Affected families, elected officials, advocates and experts have roundly condemned the Trump administration’s announcement to expand its Muslim ban to target primarily Africans. Among the key voices highlighting the damage to our country’s values, interests, and families include:
- Speaker Nancy Pelosi denounced Trump’s new regulation in a statement noting that, “The Trump Administration’s expansion of its outrageous, un-American travel ban threatens our security, our values and the rule of law. The sweeping rule, barring more than 350 million individuals from predominantly African nations from traveling to the United States, is discrimination disguised as policy.”
- Senator Kamala Harris (D-CA) according to the New York Times, “Trump’s travel bans have never been rooted in national security — they’re about discriminating against people of color…They are, without a doubt, rooted in anti-immigrant, white supremacist ideologies.”

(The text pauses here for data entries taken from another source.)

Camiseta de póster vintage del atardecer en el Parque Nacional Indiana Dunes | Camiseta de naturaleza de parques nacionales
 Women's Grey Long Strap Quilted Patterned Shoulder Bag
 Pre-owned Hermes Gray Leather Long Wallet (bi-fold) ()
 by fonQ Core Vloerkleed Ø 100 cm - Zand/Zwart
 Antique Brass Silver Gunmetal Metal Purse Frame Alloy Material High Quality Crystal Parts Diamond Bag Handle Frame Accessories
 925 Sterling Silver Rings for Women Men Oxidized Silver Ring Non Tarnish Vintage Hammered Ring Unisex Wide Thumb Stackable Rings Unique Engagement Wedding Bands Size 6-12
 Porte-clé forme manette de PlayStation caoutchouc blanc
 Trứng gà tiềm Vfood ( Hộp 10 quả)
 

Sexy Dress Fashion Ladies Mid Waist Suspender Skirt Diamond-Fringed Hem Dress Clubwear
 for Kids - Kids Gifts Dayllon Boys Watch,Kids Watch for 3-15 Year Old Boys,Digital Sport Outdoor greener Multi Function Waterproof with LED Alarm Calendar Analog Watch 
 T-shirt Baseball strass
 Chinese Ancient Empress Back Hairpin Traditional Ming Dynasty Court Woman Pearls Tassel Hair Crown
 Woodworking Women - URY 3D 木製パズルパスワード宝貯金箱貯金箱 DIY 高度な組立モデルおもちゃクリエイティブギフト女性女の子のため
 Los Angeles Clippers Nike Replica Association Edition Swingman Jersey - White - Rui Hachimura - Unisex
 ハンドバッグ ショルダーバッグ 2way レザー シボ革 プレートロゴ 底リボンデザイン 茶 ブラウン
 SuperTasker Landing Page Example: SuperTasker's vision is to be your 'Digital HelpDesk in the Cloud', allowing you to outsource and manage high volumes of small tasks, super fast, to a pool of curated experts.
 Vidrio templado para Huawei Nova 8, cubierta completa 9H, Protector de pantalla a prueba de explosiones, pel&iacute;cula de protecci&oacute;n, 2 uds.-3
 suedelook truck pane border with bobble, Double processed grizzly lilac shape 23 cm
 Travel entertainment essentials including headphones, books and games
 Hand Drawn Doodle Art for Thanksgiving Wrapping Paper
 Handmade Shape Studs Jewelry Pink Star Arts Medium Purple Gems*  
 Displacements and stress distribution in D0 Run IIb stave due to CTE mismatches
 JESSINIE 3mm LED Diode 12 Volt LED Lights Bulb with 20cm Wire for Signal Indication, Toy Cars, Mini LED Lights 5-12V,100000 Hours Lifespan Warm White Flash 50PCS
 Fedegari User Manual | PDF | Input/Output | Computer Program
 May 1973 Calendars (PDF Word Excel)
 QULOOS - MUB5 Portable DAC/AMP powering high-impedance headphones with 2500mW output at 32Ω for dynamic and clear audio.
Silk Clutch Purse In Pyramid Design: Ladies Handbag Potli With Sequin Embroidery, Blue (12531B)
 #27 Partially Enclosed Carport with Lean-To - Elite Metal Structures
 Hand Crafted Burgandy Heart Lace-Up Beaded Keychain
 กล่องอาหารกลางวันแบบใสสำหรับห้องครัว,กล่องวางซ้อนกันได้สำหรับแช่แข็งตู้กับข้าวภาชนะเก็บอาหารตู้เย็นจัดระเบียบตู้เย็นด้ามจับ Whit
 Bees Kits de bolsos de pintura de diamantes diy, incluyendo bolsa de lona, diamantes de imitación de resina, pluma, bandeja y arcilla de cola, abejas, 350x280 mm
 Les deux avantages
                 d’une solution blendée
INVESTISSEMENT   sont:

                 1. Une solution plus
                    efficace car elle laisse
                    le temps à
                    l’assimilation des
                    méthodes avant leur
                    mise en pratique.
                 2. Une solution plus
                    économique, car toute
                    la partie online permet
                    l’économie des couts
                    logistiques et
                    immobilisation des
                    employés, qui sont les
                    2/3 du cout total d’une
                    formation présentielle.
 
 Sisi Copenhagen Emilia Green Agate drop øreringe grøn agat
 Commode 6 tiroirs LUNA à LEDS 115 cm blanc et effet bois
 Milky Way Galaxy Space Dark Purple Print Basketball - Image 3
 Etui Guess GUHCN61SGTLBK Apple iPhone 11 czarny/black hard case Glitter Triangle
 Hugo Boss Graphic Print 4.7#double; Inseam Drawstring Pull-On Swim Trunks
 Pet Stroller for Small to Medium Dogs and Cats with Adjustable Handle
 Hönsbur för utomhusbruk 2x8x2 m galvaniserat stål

- Senator Chris Coons (D-DE) in Washington Post op-ed, “Trump’s expanded travel ban is a grave foreign policy mistake” writes: “Targeting people from countries where, in many cases, democracy is just taking root also makes it even more difficult to promote democratic values, encourage economic development and attract talented students who aspire to study in the United States … This policy has been rightly criticized as an abandonment of U.S. values that tears apart American families, but these examples show that it is also a grave foreign policy mistake.”
- Rep. Sheila Jackson Lee (D-TX), who represents one of the nation’s largest concentrations of Nigerian immigrants and is the Founder and Co-Chair of the Congressional Nigeria Caucus: “We believe in no discrimination in the Constitution on the basis of race, but this administration has stripped and shredded constitutional values. This current president did not consult leadership in Congress on the issue; this is again an abuse of his power and total disrespect of Congress by failing to provide advance notice. There is no doubt terrorists are roaming through some of those countries, but there are also terrorists in Russia and China, and those countries did not receive travel bans. We must push back with major action; we don’t expect to lay down on this.”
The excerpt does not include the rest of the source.